London after the Great Fire is rife with filth, superstition, and murder.
Lucy Campion, formerly a housemaid in the home of Master Hargrave, a magistrate, loves the magistrate's son Adam despite the disparity in their social status. She also cherishes warm feelings for Constable Duncan even though he once arrested her brother for murder (A Murder at Rosamund’s Gate, 2013, etc.). Now that she’s working as a printer’s apprentice for Master Aubrey, her romantic life remains unresolved. While she’s out selling pamphlets, she discovers a woman on the edge of a burned-out area dressed only in a filthy shift and covered with cuts and bruises. She guides the lady, who’s acting oddly and seems to have no memory of her past, to Dr. Larimer, who takes her in only because his assistant, Mr.
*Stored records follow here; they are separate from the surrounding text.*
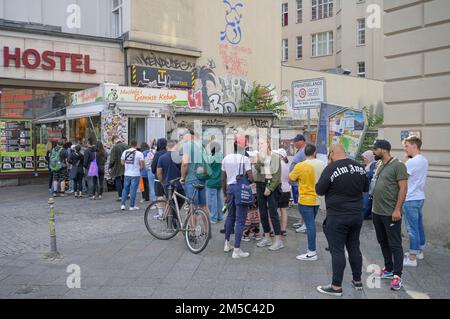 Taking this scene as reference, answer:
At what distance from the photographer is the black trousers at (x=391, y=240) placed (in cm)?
548

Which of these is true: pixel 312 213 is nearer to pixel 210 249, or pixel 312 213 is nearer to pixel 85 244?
pixel 210 249

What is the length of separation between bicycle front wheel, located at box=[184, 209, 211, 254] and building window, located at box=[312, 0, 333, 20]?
111 feet

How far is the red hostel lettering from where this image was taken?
16.0 m

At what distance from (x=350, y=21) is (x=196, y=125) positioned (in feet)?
81.1

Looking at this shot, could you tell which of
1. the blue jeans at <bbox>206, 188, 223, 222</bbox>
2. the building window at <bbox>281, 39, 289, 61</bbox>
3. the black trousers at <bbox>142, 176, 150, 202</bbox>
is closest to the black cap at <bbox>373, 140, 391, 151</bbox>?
the blue jeans at <bbox>206, 188, 223, 222</bbox>

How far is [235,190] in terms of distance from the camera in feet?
22.6

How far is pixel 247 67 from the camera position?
2328 centimetres

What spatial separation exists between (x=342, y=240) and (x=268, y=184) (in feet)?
6.84

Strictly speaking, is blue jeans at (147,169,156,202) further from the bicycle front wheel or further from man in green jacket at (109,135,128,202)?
the bicycle front wheel

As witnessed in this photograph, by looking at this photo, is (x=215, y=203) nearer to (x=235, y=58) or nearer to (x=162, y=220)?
(x=162, y=220)

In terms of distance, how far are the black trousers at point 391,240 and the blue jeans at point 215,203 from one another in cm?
407

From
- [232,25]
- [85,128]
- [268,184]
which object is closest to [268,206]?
[268,184]

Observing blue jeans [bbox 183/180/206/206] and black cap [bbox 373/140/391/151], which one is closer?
black cap [bbox 373/140/391/151]

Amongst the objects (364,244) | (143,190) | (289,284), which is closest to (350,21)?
(143,190)
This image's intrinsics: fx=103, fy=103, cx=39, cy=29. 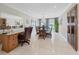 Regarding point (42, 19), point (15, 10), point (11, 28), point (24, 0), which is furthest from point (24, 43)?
point (42, 19)

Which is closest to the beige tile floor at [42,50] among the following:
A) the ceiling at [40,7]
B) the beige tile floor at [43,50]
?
the beige tile floor at [43,50]

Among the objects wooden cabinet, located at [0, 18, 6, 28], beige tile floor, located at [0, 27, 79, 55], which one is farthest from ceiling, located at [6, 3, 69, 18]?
beige tile floor, located at [0, 27, 79, 55]

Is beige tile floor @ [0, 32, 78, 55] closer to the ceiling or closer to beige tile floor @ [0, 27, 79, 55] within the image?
beige tile floor @ [0, 27, 79, 55]

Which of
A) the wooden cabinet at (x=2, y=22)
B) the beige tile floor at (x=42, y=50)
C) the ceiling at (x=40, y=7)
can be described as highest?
the ceiling at (x=40, y=7)

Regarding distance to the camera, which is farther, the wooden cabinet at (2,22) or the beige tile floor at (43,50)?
the wooden cabinet at (2,22)

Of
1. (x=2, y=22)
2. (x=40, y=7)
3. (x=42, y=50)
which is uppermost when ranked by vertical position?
(x=40, y=7)

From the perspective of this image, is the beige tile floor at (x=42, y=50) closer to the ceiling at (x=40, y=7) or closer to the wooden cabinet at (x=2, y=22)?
the wooden cabinet at (x=2, y=22)

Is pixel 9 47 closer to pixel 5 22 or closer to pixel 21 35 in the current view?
pixel 21 35

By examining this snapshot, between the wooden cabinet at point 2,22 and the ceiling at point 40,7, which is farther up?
the ceiling at point 40,7

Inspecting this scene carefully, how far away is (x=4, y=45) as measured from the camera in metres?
4.15

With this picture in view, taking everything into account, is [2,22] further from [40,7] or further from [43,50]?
[43,50]

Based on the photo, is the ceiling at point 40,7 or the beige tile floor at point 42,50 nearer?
the beige tile floor at point 42,50

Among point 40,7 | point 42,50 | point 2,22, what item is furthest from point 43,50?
point 40,7

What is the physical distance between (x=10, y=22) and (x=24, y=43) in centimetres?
185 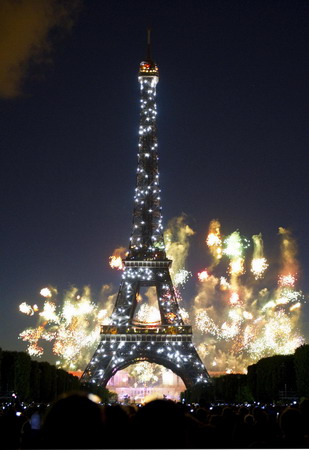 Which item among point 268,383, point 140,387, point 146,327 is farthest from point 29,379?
point 140,387

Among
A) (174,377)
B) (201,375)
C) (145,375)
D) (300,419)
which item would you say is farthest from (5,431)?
(174,377)

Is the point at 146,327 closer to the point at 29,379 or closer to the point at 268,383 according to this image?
the point at 268,383

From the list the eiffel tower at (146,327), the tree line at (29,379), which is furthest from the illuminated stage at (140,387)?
the tree line at (29,379)

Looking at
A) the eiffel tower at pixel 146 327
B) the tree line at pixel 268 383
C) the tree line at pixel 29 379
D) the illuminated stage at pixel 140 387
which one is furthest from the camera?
the illuminated stage at pixel 140 387

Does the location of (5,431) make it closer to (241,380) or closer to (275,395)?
(275,395)

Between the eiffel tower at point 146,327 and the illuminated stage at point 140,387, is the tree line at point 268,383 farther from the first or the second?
the illuminated stage at point 140,387

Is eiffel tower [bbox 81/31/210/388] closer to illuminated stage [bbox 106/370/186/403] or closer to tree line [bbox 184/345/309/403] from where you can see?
tree line [bbox 184/345/309/403] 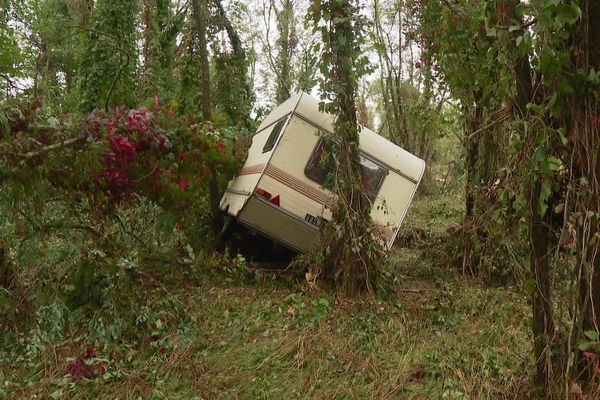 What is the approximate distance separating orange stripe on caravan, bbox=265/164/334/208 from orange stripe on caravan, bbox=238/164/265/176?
15 centimetres

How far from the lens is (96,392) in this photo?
4.32 metres

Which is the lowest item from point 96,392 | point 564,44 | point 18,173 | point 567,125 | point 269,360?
point 96,392

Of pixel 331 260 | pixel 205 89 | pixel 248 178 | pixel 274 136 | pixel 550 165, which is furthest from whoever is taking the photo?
pixel 274 136

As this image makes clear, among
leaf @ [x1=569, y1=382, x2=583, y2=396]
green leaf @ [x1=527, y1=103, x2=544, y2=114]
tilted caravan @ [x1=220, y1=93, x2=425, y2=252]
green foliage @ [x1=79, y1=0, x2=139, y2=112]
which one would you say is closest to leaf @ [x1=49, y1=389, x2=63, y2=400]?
leaf @ [x1=569, y1=382, x2=583, y2=396]

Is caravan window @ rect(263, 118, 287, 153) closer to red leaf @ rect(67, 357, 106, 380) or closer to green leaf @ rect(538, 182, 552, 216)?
red leaf @ rect(67, 357, 106, 380)

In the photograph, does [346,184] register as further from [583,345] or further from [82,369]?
[583,345]

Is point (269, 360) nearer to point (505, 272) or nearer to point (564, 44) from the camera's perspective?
point (564, 44)

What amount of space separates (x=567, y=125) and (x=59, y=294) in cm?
451

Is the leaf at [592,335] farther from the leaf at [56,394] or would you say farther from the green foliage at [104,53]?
the green foliage at [104,53]

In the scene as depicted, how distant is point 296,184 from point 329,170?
520mm

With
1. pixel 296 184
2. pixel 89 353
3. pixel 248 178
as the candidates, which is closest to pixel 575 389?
pixel 89 353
Sheridan, thinks she’s Octavia Belasysse, daughter of a lord and sister to the infamous Henry, whom the king acquitted of killing an innocent man he thought was a robber. Although Octavia’s supposed to be dead and buried, Larimer writes to her family and asks Lucy to stay with her, since she seems calmer in Lucy’s presence. Octavia (as she does turn out to be) has not only lost her memory, but also has epilepsy, and the falling sickness has rendered her unsuitable as a wife and a burden to her family. But Lucy suspects that Octavia remembers more than she lets on, especially after they’re accosted on the street by a man claiming to be Octavia's husband and an apothecary comes to the house with a draught he says will help her. When the body of a man is found stabbed to death near the place where Lucy first met Octavia, she becomes a suspect and must put herself in danger as she digs into the noblewoman's mysterious disappearance in order to prove her innocence.
An enjoyably complex mystery with a clever heroine neatly interweaves detailed historical background with fascinating characters.